PAUL CLÉMENT-COLLIN - 13 mars 2017

Michael est grand, imposant, chaleureux, et comme il n’est pas français, il a le tutoiement facile, ce qui n’est pas pour me déplaire. Ce jour-là, mardi 7 mars, Michael a beaucoup de travail, mais il prend le temps de me recevoir ainsi que quelques confrères. Oui, son job m’intéresse, et vue l’actualité de son entreprise, c’est un peu normal : on ne relance pas impunément une marque comme Alpine. Lui, c’est Michael Van Der Sande, et c’est le PDG d’Alpine depuis presque 1 an ½ en remplacement de Bernard Ollivier (qui reste DG de la petite marque normande).

« Si je ne suis le patron que depuis peu, cela ne veut pas dire que je prends le train en marche.

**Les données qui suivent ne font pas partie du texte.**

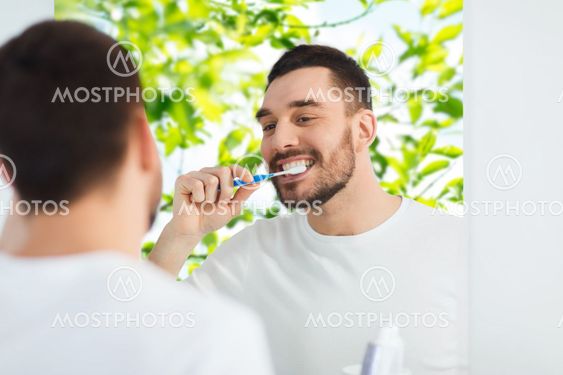man with toothbrush cleaning teeth at bathroom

En tant que responsable de la stratégie des marques, auparavant, chez Renault, je me suis naturellement beaucoup impliqué aux côtés de Bernard Ollivier pour relancer Alpine ». Voilà qui est dit ! Mais vus les enjeux d’une telle relance, Renault a du se dire qu’il était bon d’y mettre à sa tête un pro du business du « sport premium », ancien de chez Aston Martin !

Le discours est rodé : « step by step », ce qui n’est pas pour me déplaire quand tant de marques ont voulu aller trop vite. A entendre Michael Van Der Sande, on comprend bien que Renault veut installer durablement Alpine, et que pour cela, il faut bien faire et bien vendre ce premier modèle avant d’en imaginer des déclinaisons plus puissantes, ou cabriolet, ou bien encore une gamme plus large de modèles : « Bien sûr qu’on a dans la tête 8 ou 10 projets potentiels pour développer la marque, mais on n’en est pas encore là ».

La question est sur toutes les lèvres, car à l’annonce de la puissance du 4 cylindres 1.8 Turbo qui équipe l’Alpine A110 en position centrale arrière, 252 chevaux, beaucoup se sont dit que c’était bien peu. Mais lui semble confiant : «  tu sais, tout n’est pas qu’une question de puissance, mais aussi de poids, nous avons tout fait pour abaisser le poids de la voiture à son maximum, 1080 kg – réservoir plein – et surtout, l’important pour une Alpine, ce n’est pas la performance pure, mais son aptitude à enchaîner les virages, sa maniabilité ».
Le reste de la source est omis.